§ **INSTRUCTIONS FOR THE TASK**
Your task is to copy every line below that contains the word "Volkswagen".

§ **DATASET ENTRIES**
▶

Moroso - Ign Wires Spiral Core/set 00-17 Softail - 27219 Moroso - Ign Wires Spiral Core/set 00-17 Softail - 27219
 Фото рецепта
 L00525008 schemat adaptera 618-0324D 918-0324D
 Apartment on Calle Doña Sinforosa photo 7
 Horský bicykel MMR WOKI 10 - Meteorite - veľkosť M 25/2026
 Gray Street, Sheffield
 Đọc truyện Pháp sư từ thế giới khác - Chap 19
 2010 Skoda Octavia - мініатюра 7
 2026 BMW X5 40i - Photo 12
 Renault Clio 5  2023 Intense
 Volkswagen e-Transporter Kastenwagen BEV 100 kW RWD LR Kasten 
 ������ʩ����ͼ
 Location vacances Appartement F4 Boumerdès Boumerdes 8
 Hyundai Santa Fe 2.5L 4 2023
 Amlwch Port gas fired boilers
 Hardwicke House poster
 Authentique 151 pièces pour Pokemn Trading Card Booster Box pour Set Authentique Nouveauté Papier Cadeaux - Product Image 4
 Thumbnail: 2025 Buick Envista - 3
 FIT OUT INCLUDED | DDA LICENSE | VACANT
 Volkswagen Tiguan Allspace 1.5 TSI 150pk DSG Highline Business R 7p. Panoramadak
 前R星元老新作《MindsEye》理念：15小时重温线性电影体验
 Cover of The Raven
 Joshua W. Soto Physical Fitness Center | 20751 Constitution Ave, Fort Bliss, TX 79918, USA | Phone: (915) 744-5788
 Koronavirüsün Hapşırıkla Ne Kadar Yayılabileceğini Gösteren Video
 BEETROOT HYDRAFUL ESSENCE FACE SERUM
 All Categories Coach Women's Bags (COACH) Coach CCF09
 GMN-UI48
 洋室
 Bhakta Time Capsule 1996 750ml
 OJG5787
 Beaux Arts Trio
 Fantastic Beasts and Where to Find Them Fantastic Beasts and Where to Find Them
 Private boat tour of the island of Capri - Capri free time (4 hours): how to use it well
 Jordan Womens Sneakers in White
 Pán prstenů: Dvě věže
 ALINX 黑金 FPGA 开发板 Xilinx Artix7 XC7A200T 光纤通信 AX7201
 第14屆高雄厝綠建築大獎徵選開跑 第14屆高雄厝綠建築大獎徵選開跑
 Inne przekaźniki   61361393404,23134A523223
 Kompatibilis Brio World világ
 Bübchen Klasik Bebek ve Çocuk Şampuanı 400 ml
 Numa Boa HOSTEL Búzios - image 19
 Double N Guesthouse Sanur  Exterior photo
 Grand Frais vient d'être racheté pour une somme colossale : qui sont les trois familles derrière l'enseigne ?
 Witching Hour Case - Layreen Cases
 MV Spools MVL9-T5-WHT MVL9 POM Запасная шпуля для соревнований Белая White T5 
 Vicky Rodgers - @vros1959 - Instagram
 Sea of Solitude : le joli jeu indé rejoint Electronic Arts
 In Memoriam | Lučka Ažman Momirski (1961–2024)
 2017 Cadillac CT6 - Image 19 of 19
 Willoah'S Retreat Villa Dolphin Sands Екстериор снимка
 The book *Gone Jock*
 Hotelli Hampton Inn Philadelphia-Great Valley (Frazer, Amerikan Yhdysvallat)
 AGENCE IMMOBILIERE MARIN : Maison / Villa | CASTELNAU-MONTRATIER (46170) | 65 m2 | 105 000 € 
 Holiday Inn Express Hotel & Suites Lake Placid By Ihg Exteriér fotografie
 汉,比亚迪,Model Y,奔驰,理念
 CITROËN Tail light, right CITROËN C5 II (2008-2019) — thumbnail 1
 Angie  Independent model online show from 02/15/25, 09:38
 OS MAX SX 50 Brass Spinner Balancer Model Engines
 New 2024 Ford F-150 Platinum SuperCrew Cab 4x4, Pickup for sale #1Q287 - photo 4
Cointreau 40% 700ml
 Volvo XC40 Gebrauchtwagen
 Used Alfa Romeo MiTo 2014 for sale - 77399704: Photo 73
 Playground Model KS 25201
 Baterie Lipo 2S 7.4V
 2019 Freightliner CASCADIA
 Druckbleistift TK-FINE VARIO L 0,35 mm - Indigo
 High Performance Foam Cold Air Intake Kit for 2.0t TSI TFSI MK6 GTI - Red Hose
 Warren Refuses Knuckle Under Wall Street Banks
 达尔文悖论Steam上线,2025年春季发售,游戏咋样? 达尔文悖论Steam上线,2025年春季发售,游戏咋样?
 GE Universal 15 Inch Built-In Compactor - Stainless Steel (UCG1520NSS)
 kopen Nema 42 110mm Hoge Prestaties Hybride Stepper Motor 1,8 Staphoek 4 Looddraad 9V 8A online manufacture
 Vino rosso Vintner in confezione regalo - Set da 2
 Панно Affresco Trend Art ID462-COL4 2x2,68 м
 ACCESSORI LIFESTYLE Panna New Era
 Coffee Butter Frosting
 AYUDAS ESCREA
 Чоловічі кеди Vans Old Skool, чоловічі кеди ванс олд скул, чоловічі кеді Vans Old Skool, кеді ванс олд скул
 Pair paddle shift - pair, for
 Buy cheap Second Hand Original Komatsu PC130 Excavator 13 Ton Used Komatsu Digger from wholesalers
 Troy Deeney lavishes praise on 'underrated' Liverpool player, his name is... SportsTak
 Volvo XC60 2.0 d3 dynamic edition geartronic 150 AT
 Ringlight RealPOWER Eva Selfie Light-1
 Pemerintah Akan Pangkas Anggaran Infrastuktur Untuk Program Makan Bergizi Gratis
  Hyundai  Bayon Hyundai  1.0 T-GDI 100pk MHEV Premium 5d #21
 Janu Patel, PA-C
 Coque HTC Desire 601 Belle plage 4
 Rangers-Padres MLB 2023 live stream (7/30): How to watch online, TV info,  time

◀

§ **WRITTEN RESPONSE**
 Volkswagen e-Transporter Kastenwagen BEV 100 kW RWD LR Kasten 
 Volkswagen Tiguan Allspace 1.5 TSI 150pk DSG Highline Business R 7p. Panoramadak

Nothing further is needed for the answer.